Having first read all the documentation on Foreign Keys and hence side-stepping the most common pit-falls by making sure all my tables were of type InnoDB, all the columns involved had indices and had exactly matching types I was most disappointed to get a bizarre and senseless error from MySQL:

Can't create table './epath/#sql-1a1_f9.frm' (errno: 150)

I’m using the latest stable release of MySQL (5.0.22) on OS X 10.4 Tiger.

The first thing I tried to solve this was a bit of googling which led me to loads of threads reminding people about the obvious stuff I was sure to avoid (table type, indices & matching data types). However, deep in the bowls of one of these discussions I did discover that, despite the documentation’s utter failure to mention this fact, foreign keys apparently only work when the columns involved are un-signed numbers.

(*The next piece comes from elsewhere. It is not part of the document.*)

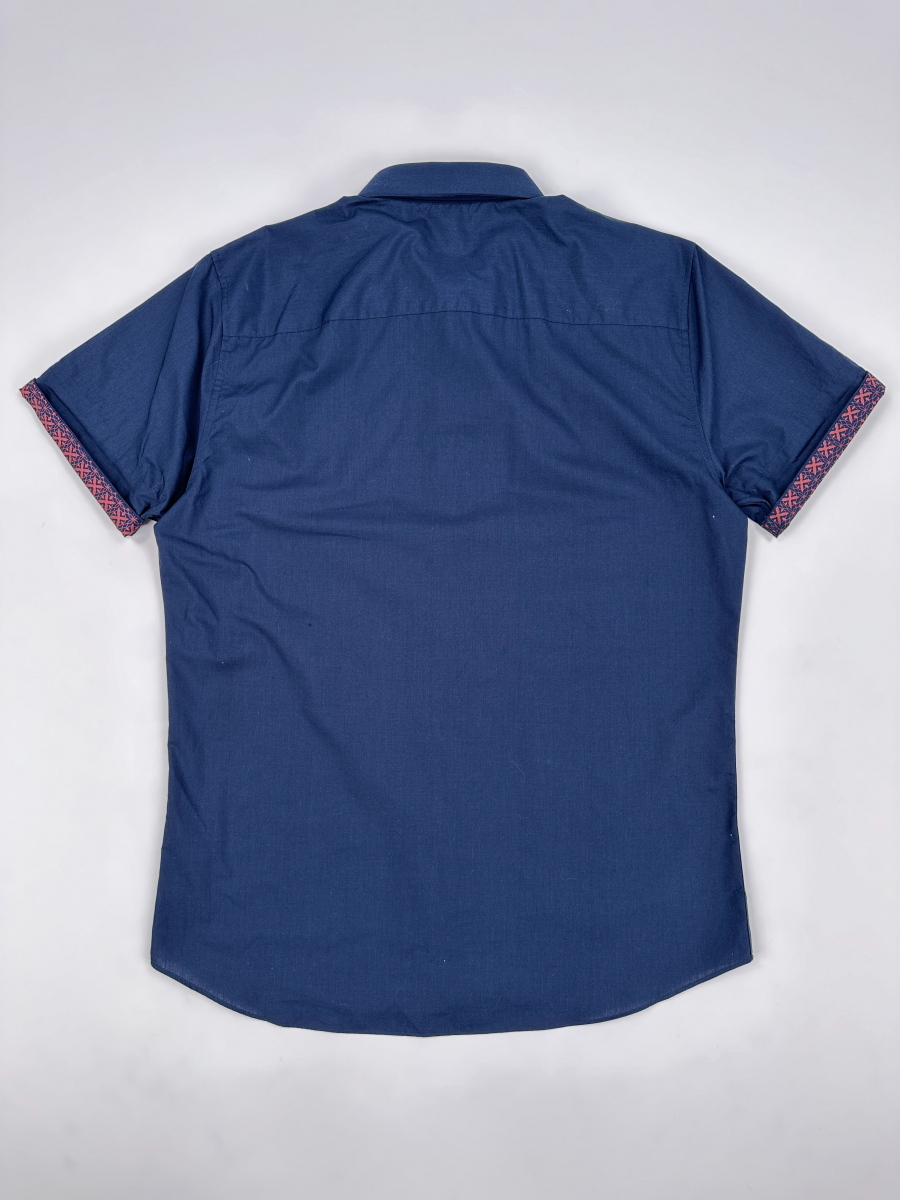Рубашка Topman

The columns I was trying to link first were both of type varchar so I tried with a different pair of columns of type int (which I first set as being un-signed). This worked so I took the identical syntax and tried again with my varchar‘s, no joy, just the same uninformative error. It then occurred to me that the items in these columns will always be exactly two characters long so I changed their type to char(2) but again I got the same nonsensical error.

Some more googling seems to confirm my theory that MySQL will only be happy with foreign keys that are numeric un-signed types. This is a serious problem for the project I’m now working on. My data has a load of primary keys that are non-numeric that need to referenced as foreign keys all over the place. The two most obvious examples being 2 letter department codes and 3 letter alpha-numeric machine IDs. I could hack this by creating additional integer auto-increment fields in my departments and hosts tables and using these as primary keys instead of the logical fields but that is wasteful and pointlessly complex.

This is my first foray back in to serious MySQL development for a year having used PostgreSQL in the interim and I think I’ll be switching back to PostgreSQL before you can say ‘MySQL sucks’.